这句羽凡在组合成立十周年时说过的话,送给今天的“老炮儿少年”羽·泉:嘿,二十年了,感谢你们还在。

羽·泉,青春20年

图片来自巨匠娱乐

“我觉得我们俩的缘分,就是上辈子注定的。”

“咱俩搞一组合吧,你有没有兴趣。”

这是1998年,羽凡在第二次见到海泉后说的话,这一面让他决定必须说服眼前这个男孩儿,跟自己一起做组合。

见面地点约在了海泉的家中,“必须是他”这个决定是羽凡在等待海泉忙完手头工作的5分钟时间里“评估”完成的:长得没有比我帅太多,不至于被抢风头;身高也差不多,站在一起还挺协调;会弹钢琴,跟吉他搭配在一起创作空间比较大……

而真正让羽凡下定决心的,是在这5分钟日常忙碌的时间里,海泉所表现出来的专业性。

“当时海泉在做一首歌的一个小样,这首歌就是收录在第一张专辑里面的《爱浪漫的》。我坐在他后边的沙发上看他干活,我一进他房间看到他家里编曲那些MIDI设备,就足以让我垂涎了。再看看他很熟练地去操纵当时编曲的一个MC50罗兰的程序机,就跟现在电脑打字的那些女孩子一样,手很快,啪啪啪,然后我就完全是很惊讶,原来他也编曲他也写歌。我当时静静地听完他那个段落的歌曲之后,我被折服了。”

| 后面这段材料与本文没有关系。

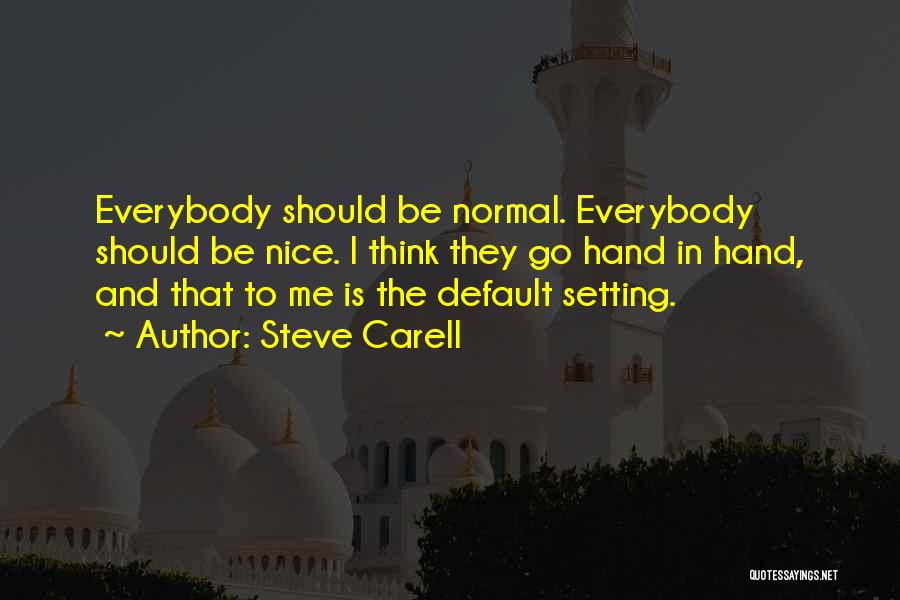 Steve Carell Quotes: Everybody Should Be Normal. Everybody Should Be Nice. I Think They Go Hand In Hand, And That To Me Is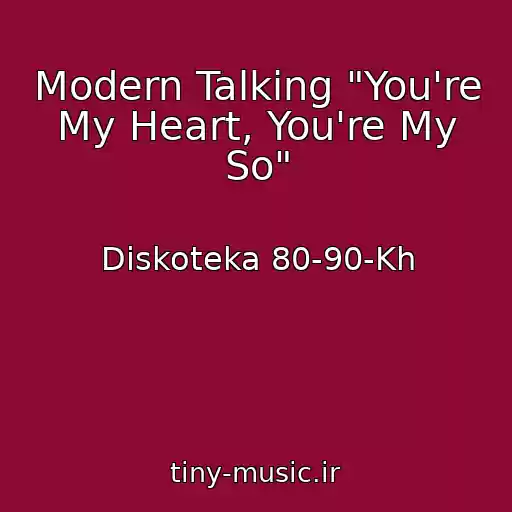 کاور آهنگ Modern Talking "You're My Heart, You're My So" از Diskoteka 80-90-Kh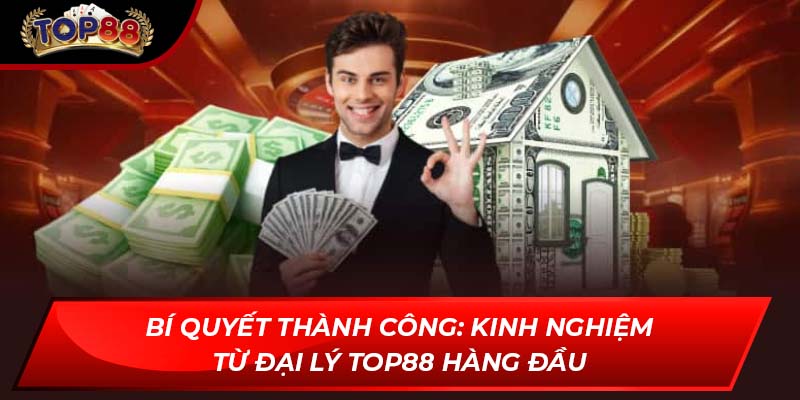 Bí quyết thành công: Kinh nghiệm từ Đại lý TOP88 hàng đầu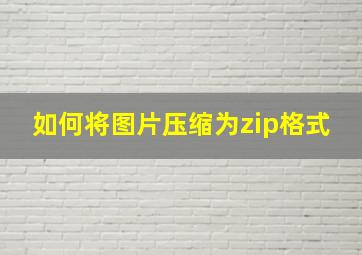 如何将图片压缩为zip格式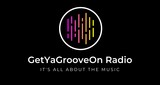 Getyagrooveon Radio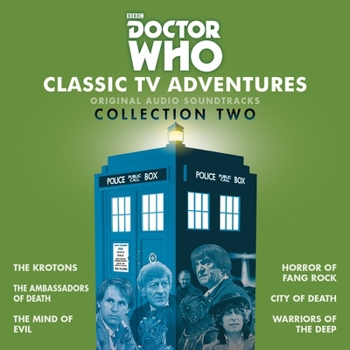 Audio CD Doctor Who: Classic TV Adventures Collection Two: Six Full-Cast BBC TV Soundtracks Book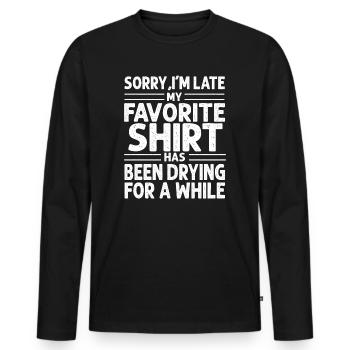 Sorry im spät Hausfrau Reinigung Männer Frauen Lustig - Männer Premium Bio Langarmshirt - Schwarz - Vorne - Nico (187cm)
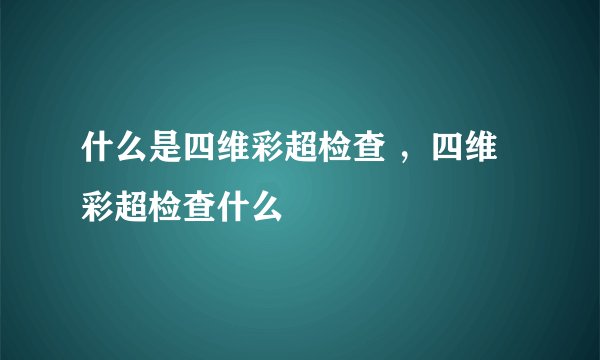 什么是四维彩超检查 ，四维彩超检查什么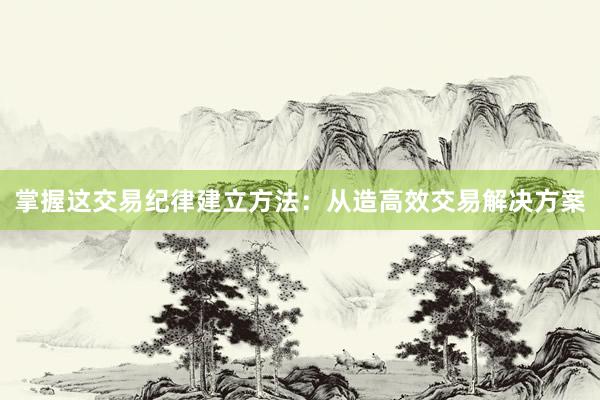 掌握这交易纪律建立方法：从造高效交易解决方案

随便闲谈了几句,羽凡直入主题,“咱俩搞一组合吧,你有没有兴趣。”

“海泉说好啊,可以啊,我们可以试试啊。”

“听着特别不真诚。”

而面对海泉“不是特别真诚”的应允,羽凡也特别理解,因为在此之前已经有过很多人邀请海泉一起做组合,“但是都没搭上。”

“为什么跟别人没做成?”

“这个很自然啊,因为两个人或者几个人能不能合作,真的是一种缘分。所以我觉得我们俩的缘分,就是上辈子注定的。”

“就这五分钟,决定了我们俩的今天,也决定了我们俩的未来。”

“紧接着我们俩继续交流,当时我真正可以拿出来的作品不过二三十首,而海泉是直接‘嘭嘭’两本摞到面前,我一看说咱从哪儿开始听啊……但是一看海泉的文笔,我就觉得必须得说服他(一起做组合)。”

羽·泉,青春20年

而就在一年前的夏天,在北京菜市口105车站第一次相见的两个人,还只是“一个卖歌,一个买歌”的。

从12岁拥有人生中第一把吉他时便在心中种下了音乐梦想的羽凡,彼时一直在为自己写的歌寻找机会。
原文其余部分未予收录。